* [Exercise description] Pictures excluded, set down exactly the lines from the one containing "В Одессе священник" through the final line of the material, and only those.

* [Data excerpt]
========
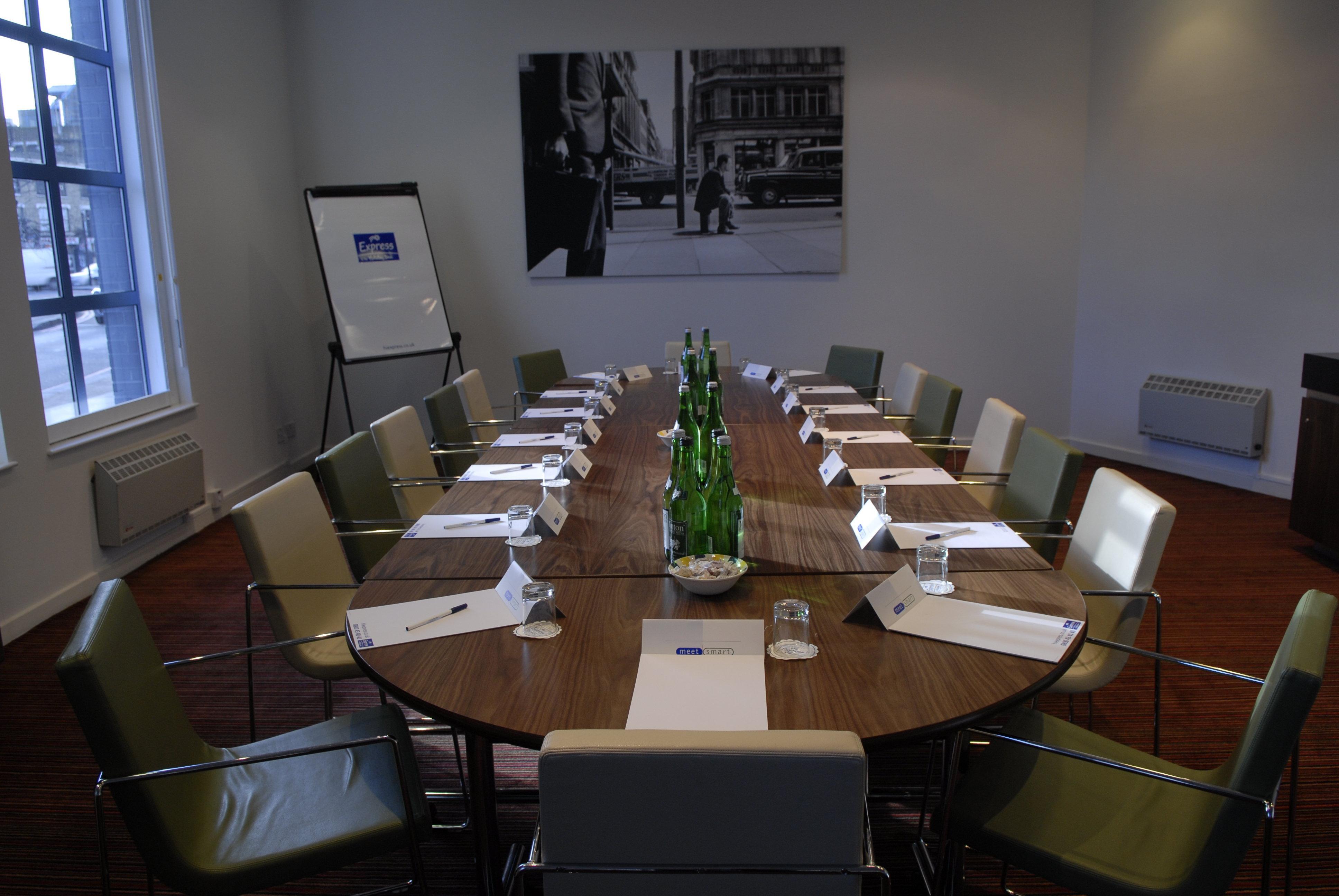 Hotel Express City, An Ihg Londres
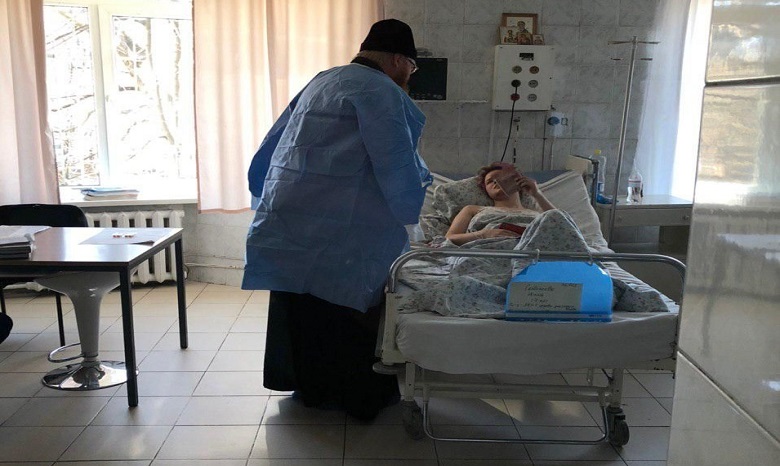 В Одессе священник УПЦ посетил пострадавших в результате пожара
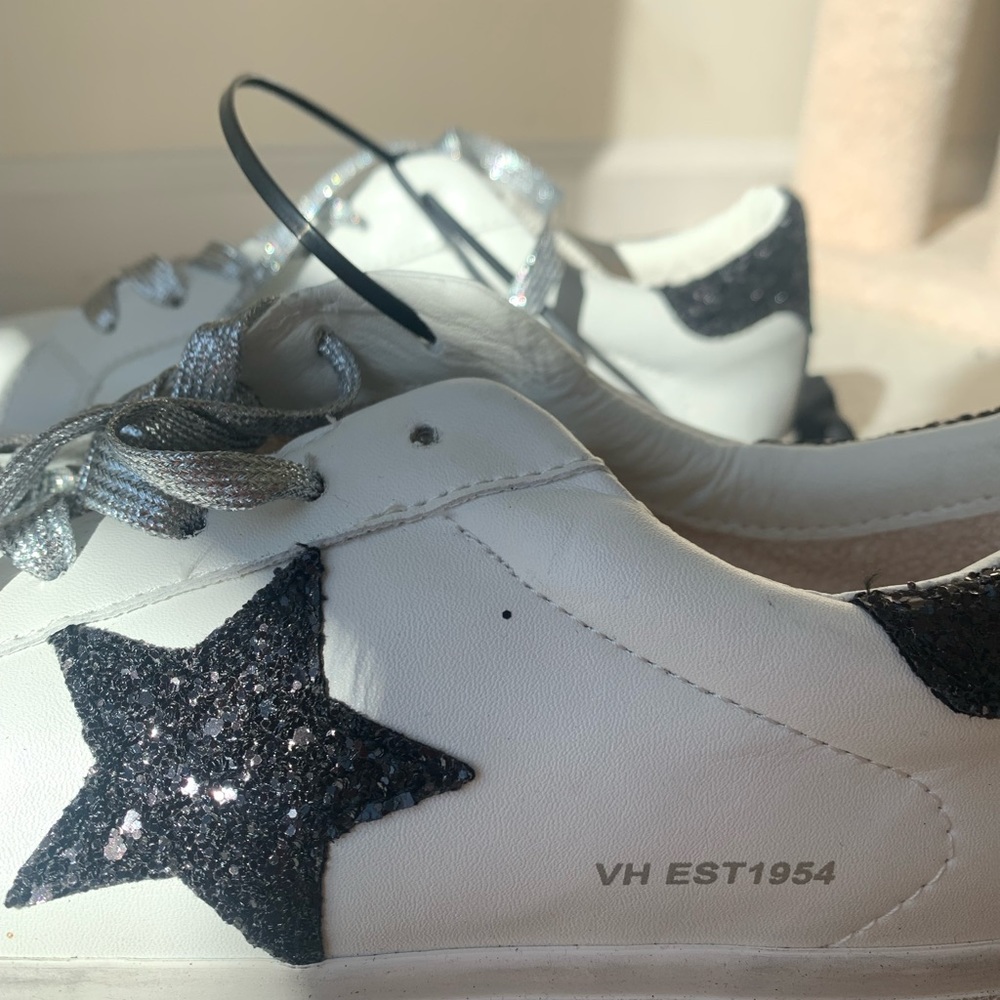 NWT • Vintage Havana • Size 11 • Low-top Lucy Star Black Glitter Sneaker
========
* [Worked solution]
 В Одессе священник УПЦ посетил пострадавших в результате пожара
 NWT • Vintage Havana • Size 11 • Low-top Lucy Star Black Glitter Sneaker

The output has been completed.